Reading the actual responsa enables readers to have a better understanding and appreciation of Jewish life in 20th century Iran, both for a Mola and the Jewish community at large. Mola David Sasson not only answered questions from other Rabbis throughout Iran, but he also corresponded with Rabbis from Baghdad and Jerusalem as well. The most common topics discussed in his responsa and letters in the book are: (a) Matters of inheritance (yerusha); (b) Matters of marriage and divorce (including Yibum); (c) Letters of recommendation for travelers, particularly those going to Israel; and (d) Matters involving civil disputes and other general questions.

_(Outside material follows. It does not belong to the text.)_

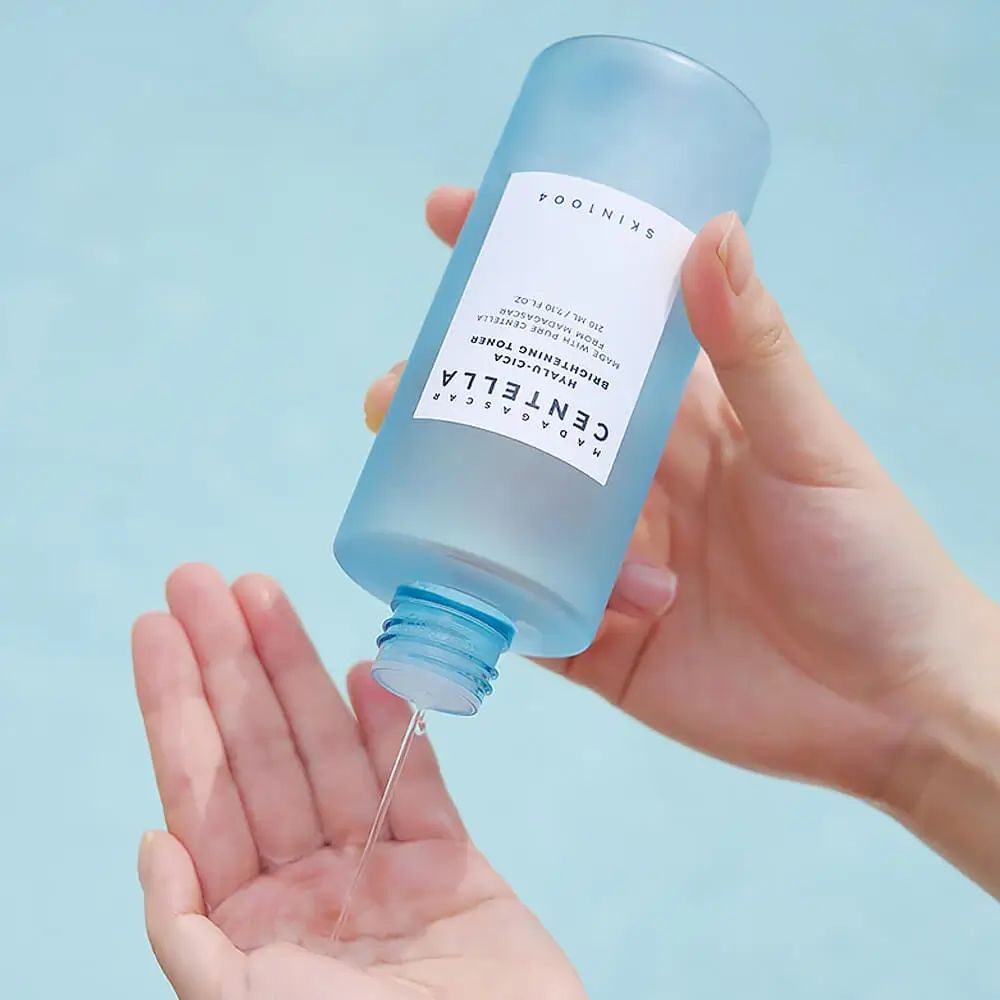 Blau-transparente Flasche, Flüssigkeit wird in die Hand gegossen. Aufschrift: SKIN1004, MADAGASCAR CENTELLA, HYALU-CICA.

From the sources references in the teshuvot, it’s clear that Mola David Sasson had access to a near
complete library of Rabinnic sources. The sources he relies on include the Shulchan Aruch; Rambam; Rosh; Rif; Mordechi; Rabbenu Yerucham; and Rivash. Later sources include: Rama (both his glosses on the Shulchan Aruch, and his book Darkei Moshe); Perisha Udrisha; Be’er Hetev; Bayit Chadash; Magen Avraham; Eshel Avraham (Butchach); and the Bet Shemuel. Understandably, multiple references are made to Rabbenu Yosef Hayim of Baghdad (Ben Ish Hai), who had a significant impact on Iran’s Jewish community. His works referenced by Mola David Sasson include Ben Ish Hai and Rav Pe’alim.